### YOUR OBJECTIVE
Below are entries. Reproduce exactly the lines between the line holding "Черно-белая кухня —" and the line holding "Hugo Boss Slim", inclusive, and only those.

☆ ☆ ☆ ☆ ☆

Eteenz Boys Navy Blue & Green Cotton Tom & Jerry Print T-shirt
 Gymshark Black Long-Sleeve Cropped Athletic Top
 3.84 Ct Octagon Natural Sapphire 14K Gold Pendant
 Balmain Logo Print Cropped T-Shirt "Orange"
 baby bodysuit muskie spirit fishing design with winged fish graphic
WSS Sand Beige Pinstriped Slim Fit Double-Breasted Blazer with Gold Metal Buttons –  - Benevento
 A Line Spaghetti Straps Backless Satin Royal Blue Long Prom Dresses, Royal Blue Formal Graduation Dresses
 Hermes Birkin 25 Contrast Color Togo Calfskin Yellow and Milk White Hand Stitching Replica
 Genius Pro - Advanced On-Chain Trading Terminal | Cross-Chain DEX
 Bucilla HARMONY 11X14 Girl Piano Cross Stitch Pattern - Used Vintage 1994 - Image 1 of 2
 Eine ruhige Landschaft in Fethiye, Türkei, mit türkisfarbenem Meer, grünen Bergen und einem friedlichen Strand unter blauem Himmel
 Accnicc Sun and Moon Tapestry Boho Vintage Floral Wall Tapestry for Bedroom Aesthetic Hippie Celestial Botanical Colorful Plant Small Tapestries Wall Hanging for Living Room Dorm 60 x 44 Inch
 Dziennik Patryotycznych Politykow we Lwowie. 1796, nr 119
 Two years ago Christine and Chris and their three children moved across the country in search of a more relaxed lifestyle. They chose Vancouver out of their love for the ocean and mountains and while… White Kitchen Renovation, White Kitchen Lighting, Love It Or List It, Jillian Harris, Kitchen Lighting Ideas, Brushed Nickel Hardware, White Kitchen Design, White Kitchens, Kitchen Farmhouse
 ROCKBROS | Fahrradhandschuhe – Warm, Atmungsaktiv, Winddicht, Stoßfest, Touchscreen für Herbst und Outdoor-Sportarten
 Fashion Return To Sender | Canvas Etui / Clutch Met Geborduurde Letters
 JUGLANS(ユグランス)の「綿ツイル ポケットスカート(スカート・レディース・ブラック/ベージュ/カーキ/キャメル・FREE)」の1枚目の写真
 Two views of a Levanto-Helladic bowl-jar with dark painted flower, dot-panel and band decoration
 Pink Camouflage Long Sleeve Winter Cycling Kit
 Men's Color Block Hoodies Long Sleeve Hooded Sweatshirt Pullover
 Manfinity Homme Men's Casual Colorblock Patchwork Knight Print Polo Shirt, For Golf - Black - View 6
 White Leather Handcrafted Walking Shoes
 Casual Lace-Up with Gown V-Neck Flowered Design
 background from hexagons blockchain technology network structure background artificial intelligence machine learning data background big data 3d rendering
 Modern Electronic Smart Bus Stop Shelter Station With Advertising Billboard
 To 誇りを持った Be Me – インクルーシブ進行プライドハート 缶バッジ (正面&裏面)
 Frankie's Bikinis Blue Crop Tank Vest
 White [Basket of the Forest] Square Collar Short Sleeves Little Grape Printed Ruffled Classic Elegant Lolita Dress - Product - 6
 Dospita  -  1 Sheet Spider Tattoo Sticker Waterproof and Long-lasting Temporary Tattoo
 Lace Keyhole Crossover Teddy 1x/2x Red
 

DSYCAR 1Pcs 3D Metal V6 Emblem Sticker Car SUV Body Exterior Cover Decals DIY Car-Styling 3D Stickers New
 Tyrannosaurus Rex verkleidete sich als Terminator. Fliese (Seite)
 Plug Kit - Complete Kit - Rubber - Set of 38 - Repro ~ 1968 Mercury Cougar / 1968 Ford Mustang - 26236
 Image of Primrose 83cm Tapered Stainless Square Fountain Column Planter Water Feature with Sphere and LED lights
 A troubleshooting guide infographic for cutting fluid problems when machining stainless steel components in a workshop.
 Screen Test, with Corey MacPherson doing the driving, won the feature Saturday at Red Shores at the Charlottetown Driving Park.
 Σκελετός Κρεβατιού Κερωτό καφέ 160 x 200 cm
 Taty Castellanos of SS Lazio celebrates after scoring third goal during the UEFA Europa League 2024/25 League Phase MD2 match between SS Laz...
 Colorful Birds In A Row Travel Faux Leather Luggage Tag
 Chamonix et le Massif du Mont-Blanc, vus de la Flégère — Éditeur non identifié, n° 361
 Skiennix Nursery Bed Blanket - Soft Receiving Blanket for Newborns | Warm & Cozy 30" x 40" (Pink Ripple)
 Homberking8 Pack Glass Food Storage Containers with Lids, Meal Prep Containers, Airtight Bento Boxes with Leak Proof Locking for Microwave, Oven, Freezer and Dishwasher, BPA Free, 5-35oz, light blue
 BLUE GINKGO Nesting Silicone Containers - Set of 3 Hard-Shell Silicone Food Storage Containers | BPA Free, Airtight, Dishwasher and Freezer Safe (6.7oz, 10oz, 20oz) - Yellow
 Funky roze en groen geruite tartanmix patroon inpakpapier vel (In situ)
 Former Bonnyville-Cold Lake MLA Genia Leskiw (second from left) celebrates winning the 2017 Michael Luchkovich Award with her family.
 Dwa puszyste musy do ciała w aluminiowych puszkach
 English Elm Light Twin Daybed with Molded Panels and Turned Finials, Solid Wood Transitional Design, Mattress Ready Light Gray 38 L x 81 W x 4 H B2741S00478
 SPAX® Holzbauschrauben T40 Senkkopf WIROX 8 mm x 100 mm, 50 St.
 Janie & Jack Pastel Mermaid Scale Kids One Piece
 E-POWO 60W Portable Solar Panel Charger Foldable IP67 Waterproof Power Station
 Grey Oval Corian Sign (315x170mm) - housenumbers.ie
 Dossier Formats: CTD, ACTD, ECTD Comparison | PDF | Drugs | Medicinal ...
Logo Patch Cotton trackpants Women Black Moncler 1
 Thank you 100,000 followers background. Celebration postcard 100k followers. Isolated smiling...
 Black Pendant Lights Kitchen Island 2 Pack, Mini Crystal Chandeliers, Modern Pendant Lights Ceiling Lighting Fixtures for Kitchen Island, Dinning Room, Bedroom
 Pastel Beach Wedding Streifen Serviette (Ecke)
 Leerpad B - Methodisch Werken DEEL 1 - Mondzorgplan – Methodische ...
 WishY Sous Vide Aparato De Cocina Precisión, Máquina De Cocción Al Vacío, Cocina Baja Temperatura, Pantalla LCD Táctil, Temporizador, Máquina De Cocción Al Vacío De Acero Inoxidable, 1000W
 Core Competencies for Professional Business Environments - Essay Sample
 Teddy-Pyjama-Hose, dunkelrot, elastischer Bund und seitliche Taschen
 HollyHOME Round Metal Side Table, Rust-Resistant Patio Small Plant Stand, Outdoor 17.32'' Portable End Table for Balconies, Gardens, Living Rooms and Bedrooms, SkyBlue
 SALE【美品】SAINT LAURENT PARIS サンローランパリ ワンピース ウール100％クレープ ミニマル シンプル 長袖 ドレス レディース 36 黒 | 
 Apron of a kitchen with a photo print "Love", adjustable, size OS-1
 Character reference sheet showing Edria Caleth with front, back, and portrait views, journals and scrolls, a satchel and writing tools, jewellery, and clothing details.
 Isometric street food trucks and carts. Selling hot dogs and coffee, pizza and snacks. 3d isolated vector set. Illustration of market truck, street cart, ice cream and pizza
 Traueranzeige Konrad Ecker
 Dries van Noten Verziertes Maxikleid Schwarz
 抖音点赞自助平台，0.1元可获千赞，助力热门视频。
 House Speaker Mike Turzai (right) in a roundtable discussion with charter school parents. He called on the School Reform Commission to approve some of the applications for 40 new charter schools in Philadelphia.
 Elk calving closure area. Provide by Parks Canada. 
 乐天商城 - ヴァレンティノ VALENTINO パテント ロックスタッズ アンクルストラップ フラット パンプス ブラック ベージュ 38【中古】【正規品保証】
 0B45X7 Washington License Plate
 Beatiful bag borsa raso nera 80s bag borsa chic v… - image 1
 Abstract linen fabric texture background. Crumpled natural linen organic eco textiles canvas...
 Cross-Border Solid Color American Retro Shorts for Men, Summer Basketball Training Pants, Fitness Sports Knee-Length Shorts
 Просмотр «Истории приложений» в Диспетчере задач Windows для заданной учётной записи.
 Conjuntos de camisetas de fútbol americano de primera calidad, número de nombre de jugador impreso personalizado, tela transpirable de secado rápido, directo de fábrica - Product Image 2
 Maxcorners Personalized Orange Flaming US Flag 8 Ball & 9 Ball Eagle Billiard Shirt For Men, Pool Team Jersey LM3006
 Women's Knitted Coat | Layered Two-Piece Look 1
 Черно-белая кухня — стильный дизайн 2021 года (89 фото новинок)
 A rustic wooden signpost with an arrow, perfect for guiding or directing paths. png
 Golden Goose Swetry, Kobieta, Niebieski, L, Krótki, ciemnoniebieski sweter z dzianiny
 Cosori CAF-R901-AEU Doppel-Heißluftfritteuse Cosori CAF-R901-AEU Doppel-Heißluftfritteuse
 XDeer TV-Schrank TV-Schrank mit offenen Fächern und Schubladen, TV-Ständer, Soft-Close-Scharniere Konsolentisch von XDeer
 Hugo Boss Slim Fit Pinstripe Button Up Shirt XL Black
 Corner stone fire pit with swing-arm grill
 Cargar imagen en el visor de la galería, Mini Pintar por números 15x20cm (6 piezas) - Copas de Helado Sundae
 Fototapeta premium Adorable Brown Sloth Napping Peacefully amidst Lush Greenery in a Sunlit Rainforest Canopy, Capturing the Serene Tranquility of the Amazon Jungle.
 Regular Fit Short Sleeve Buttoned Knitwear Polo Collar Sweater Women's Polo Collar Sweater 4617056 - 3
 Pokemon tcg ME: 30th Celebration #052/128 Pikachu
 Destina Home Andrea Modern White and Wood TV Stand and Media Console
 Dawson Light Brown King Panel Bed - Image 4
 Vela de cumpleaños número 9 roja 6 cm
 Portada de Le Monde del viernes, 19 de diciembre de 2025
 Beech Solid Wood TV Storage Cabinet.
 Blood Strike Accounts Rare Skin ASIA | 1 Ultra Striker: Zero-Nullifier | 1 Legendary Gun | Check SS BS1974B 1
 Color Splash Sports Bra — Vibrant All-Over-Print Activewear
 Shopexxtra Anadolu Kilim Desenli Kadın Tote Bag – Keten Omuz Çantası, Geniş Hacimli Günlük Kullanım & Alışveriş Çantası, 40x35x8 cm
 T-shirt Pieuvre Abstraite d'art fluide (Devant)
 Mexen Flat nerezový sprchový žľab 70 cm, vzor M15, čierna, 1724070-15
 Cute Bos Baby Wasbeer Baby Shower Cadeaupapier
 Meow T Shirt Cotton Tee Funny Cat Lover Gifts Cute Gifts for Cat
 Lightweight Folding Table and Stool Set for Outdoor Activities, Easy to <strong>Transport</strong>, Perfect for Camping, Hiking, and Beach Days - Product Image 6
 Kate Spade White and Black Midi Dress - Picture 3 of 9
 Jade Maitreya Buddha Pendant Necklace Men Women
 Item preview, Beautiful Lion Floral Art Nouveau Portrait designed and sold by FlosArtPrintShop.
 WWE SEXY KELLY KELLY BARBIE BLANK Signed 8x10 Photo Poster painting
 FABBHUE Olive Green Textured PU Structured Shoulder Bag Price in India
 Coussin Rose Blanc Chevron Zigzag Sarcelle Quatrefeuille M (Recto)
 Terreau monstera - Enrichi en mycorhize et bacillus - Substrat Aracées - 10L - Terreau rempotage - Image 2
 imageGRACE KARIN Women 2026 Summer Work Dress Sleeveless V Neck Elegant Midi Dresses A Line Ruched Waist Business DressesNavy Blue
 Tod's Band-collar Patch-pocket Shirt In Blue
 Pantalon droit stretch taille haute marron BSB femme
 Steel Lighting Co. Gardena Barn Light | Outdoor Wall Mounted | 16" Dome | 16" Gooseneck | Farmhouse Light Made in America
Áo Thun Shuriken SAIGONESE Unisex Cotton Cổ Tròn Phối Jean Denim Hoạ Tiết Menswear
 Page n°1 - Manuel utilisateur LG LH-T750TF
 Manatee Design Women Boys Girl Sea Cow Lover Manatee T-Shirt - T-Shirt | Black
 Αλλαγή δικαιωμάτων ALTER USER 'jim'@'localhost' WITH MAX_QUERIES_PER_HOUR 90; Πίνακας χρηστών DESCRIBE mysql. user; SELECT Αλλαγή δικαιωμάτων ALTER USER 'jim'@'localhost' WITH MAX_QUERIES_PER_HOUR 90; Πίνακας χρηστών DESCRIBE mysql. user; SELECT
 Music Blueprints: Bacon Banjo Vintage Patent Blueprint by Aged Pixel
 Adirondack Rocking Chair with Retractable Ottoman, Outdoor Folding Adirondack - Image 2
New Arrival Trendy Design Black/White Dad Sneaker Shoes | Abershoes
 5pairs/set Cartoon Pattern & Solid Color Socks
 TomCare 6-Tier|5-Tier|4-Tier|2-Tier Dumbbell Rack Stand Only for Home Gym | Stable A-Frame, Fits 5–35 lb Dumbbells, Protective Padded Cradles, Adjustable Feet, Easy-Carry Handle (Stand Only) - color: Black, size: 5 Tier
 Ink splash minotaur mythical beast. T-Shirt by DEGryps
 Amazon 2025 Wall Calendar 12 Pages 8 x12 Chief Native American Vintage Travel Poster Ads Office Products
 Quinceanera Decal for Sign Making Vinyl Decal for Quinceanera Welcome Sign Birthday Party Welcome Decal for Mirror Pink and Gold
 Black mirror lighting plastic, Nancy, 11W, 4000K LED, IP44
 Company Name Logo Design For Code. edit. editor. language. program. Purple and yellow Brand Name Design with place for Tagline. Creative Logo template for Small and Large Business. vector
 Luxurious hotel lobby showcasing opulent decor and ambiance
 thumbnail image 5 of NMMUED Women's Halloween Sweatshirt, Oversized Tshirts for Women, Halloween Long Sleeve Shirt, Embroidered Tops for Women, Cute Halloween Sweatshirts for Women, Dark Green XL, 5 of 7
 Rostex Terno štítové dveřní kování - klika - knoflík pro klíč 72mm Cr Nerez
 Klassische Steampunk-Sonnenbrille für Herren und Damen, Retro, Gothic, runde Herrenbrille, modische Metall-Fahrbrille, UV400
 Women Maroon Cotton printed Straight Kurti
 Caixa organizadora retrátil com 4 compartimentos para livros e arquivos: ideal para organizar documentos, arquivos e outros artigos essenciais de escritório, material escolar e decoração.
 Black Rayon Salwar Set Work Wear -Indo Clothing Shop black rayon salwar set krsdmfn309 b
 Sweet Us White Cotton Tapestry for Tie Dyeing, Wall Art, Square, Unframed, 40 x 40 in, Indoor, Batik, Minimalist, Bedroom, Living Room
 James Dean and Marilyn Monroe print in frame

☆ ☆ ☆ ☆ ☆

### ANSWER TO THIS PROBLEM
 Черно-белая кухня — стильный дизайн 2021 года (89 фото новинок)
 A rustic wooden signpost with an arrow, perfect for guiding or directing paths. png
 Golden Goose Swetry, Kobieta, Niebieski, L, Krótki, ciemnoniebieski sweter z dzianiny
 Cosori CAF-R901-AEU Doppel-Heißluftfritteuse Cosori CAF-R901-AEU Doppel-Heißluftfritteuse
 XDeer TV-Schrank TV-Schrank mit offenen Fächern und Schubladen, TV-Ständer, Soft-Close-Scharniere Konsolentisch von XDeer
 Hugo Boss Slim Fit Pinstripe Button Up Shirt XL Black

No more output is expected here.